WHAT TO DO: Leave the pictures out. Retype exactly the lines below from the one containing "Devon Dotson [Blue]" through the one containing "Friends: The One", and no others.

RECORD EXCERPTS:

------------------------------

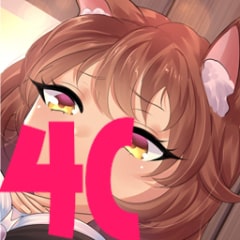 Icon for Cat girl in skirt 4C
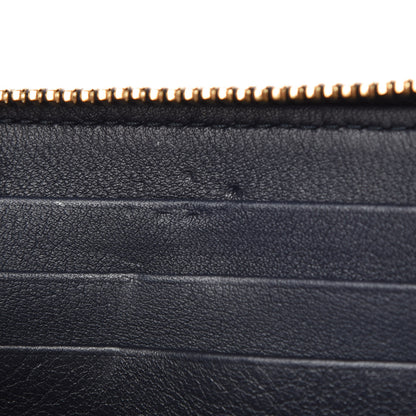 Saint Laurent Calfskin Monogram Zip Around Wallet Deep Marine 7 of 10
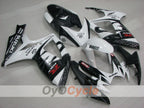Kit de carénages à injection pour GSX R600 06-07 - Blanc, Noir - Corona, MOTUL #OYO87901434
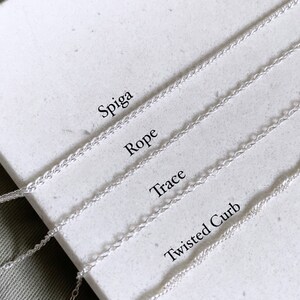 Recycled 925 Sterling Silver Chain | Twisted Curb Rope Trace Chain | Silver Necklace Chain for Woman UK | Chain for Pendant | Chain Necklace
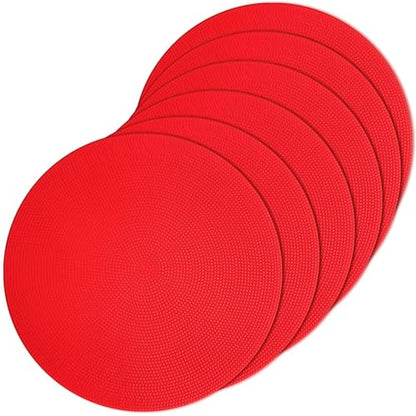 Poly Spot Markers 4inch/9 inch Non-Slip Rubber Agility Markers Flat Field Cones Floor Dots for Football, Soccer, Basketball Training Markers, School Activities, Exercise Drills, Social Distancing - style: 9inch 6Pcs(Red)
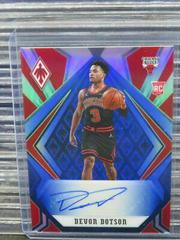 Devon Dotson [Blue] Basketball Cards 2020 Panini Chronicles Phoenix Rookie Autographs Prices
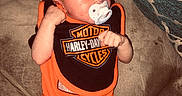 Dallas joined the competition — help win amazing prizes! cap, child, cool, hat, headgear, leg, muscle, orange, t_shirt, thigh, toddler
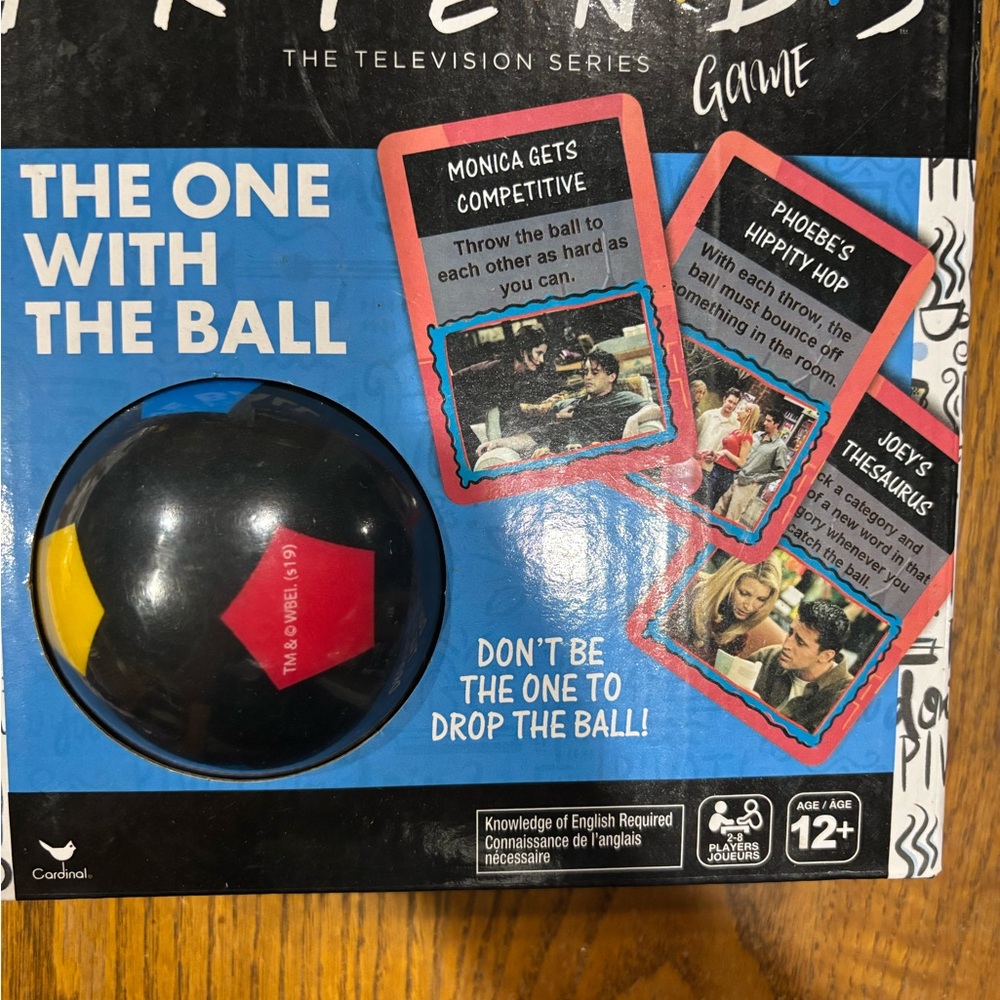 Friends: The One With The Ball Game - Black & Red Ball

------------------------------

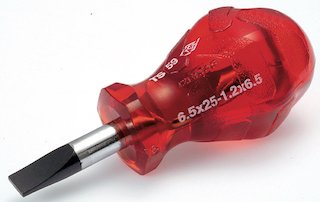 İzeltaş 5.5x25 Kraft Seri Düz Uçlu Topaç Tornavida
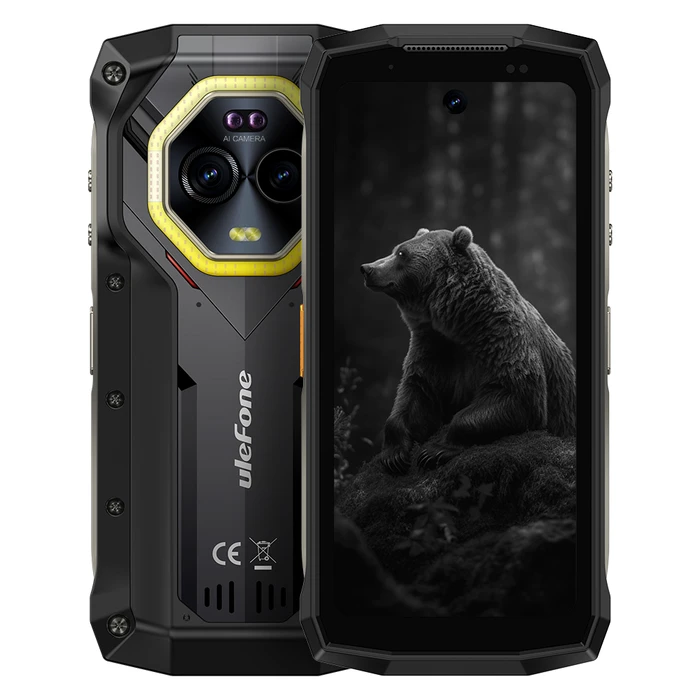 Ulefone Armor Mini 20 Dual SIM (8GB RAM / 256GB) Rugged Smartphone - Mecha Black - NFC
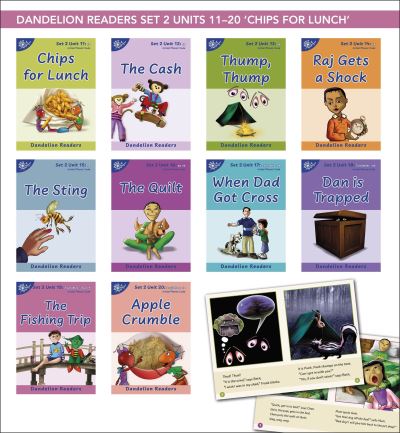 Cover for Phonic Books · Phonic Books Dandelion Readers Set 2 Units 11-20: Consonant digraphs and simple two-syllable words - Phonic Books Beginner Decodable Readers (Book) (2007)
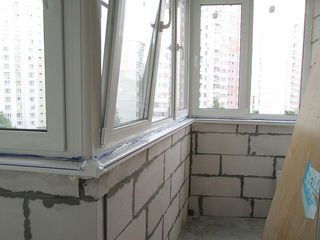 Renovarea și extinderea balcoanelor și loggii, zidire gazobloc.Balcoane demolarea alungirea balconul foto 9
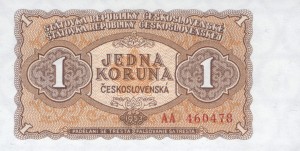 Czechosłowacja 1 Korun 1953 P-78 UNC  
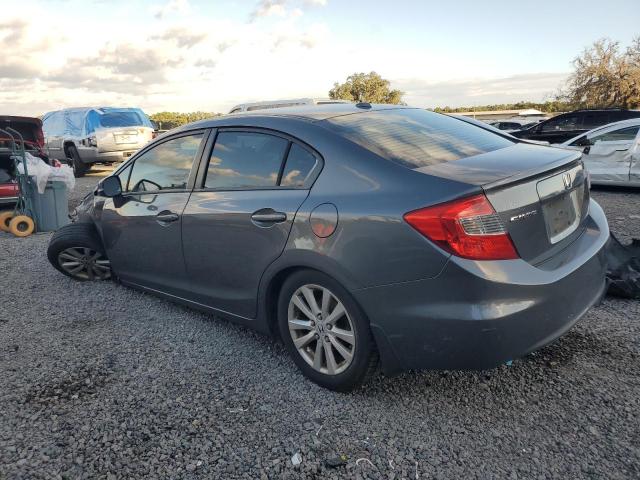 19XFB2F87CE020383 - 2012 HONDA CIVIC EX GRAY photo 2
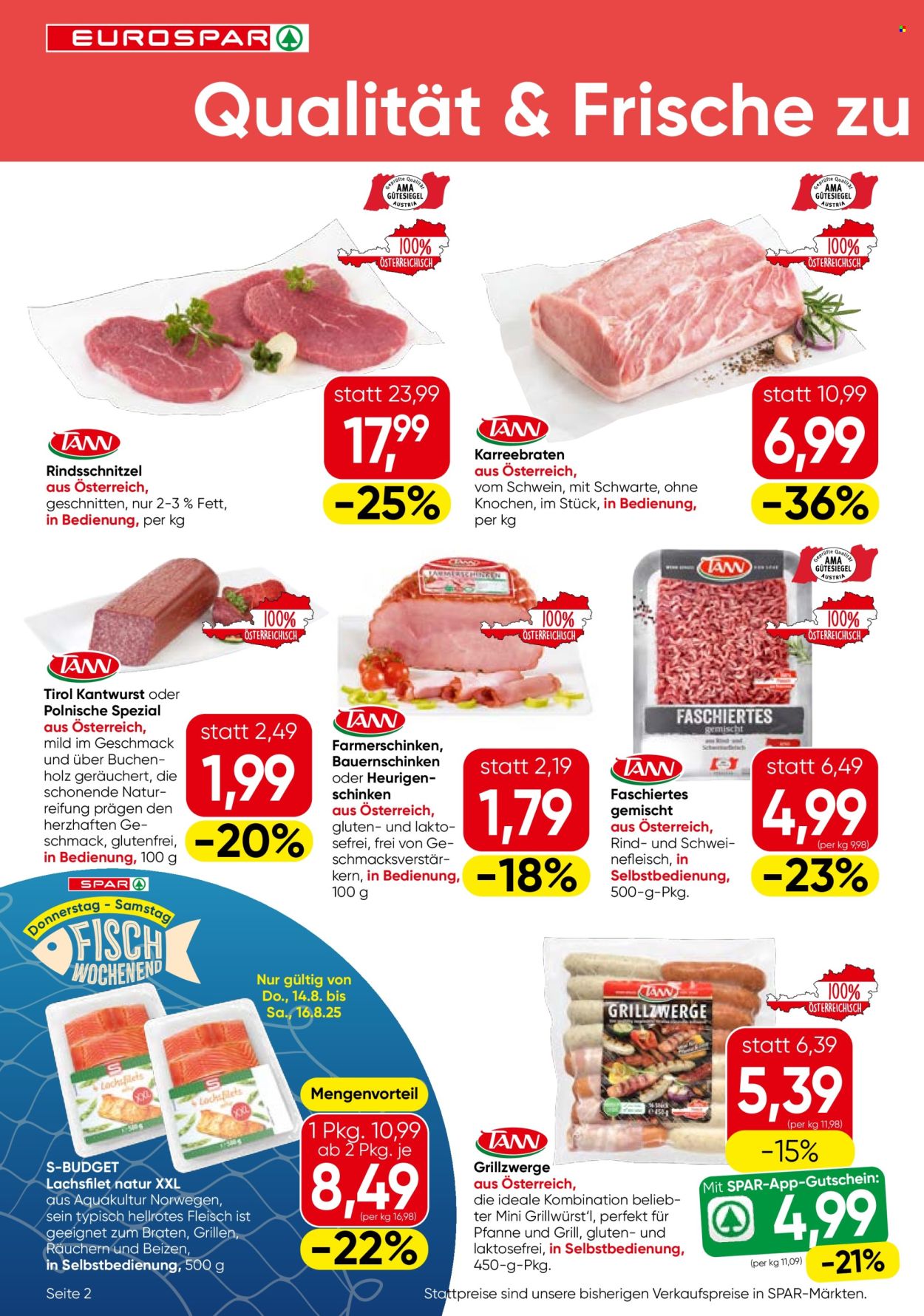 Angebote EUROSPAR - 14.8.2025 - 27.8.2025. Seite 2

------------------------------

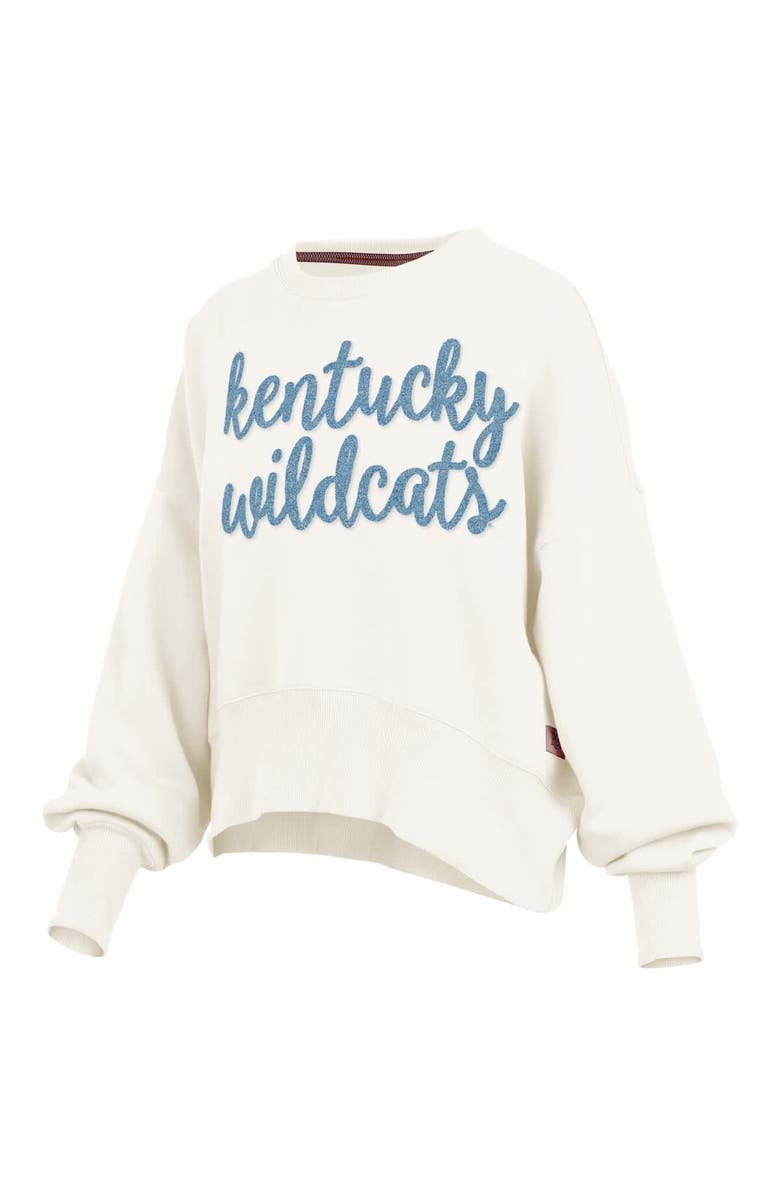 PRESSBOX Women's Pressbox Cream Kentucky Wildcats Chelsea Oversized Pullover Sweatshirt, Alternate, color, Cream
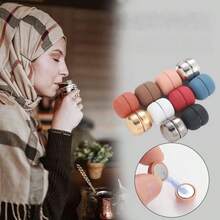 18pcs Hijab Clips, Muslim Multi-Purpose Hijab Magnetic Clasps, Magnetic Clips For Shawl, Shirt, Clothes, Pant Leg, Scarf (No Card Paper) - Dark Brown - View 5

------------------------------

YOUR SOLUTION:
 Devon Dotson [Blue] Basketball Cards 2020 Panini Chronicles Phoenix Rookie Autographs Prices
 Dallas joined the competition — help win amazing prizes! cap, child, cool, hat, headgear, leg, muscle, orange, t_shirt, thigh, toddler
 Friends: The One With The Ball Game - Black & Red Ball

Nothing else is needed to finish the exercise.